Thursday, September 17, 2009

Evolve: Certified!

Well, an update, I took my test and passed! I am officially an NSCA certified personal trainer!

Monday, September 14, 2009

Got A Track? Use It!

Interval Training

One mode of cardiovascular training is running. Running is a very convenient form of aerobic training because you need little equipment and can do it almost anywhere. However, I will admit running in place on a treadmill for 30+ minutes can be awfully boring. To contrast the monotonous boredom of running in place, a few times a week I like to take my cardio outdoors, to my local track. On the track, I like to perform workouts that include continuous movement with intermittent burst of high intensity action. Ironically, this form of exercise closely mimics patterns of our ancestors. If you think about it, most of their days were spent relaxing, walking, hunting, and gathering, which would have included sprinting after prey or sprinting away from potential threats.

Our physiology is perfectly adapted to be able to run at high speeds and high intensities for short amounts of time. This type of workout is called interval training. Interval training is very challenging and gets the heart rate up to maximal levels, which provides for a fun and hard workout.

This type of training consists the Sprint and the Recovery phases.

Beginners: If you have not started an aerobic training program you may want to start with walking around the track and implementing short bursts of jogging (10-20 seconds at a time) for about 4 laps (1 mile). This will take roughly 15-20 minutes. The goal is to increase the jogging to a run for again (10-30 seconds at a time) for a mile. After a 2-4 weeks of this type of training progress to intermediate.
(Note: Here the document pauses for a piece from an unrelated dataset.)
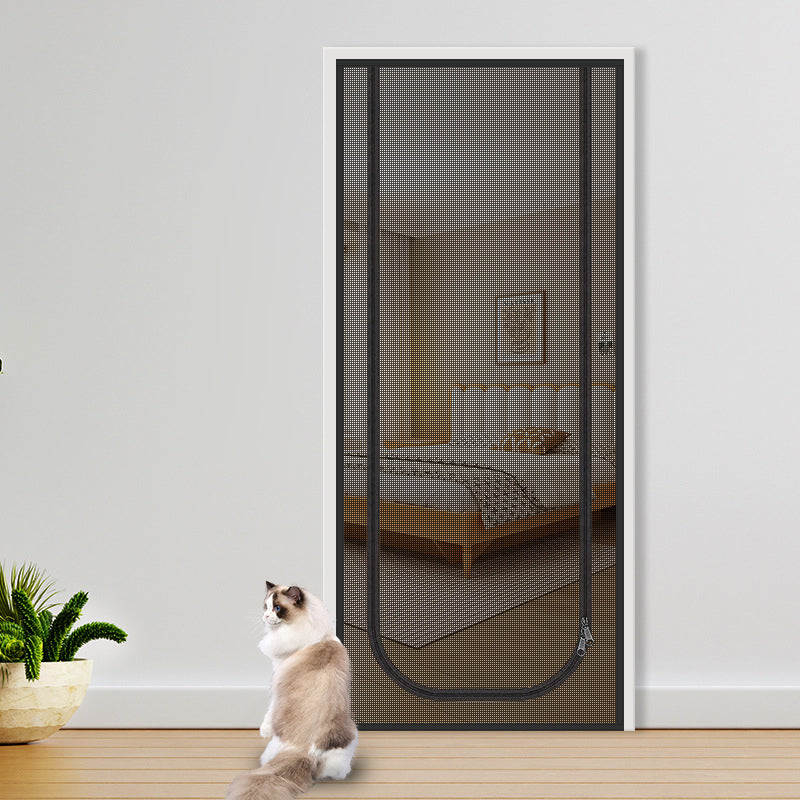 🐶🐱Mesh-Türvorhang|Haustierfreundlicher Netzvorhang für alle Haustiere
Intermediate: Now that you are able to walk/run a mile you are ready to start a true interval training program with the Sprint and Recovery phases. The routine I like to perform is the 100 Yard Dash Interval Program. Basically it is running the straights of the track and walking the curves. You should aim for a 1:3 Sprint:Recovery ratio. Run the straight away as fast as you can (e.g. 15 seconds) and then recover by walking the curve 3x the sprint time (45 seconds). This should provide ample recovery time to continue again. Work up to a mile to 1.5 miles of this interval training (4-6 laps).

Advanced: If the program above becomes too easy (doubt it) you can make it more challenging by increasing your sprint speed or jogging the curves and sprinting the straights. This will decrease the work to recovery ratio to 1:2 making it harder! Again aim for (4-6 laps). Another alternative is running 200 meters or half a lap and either walking the second half or walking across the field for a smaller work to recovery ratio.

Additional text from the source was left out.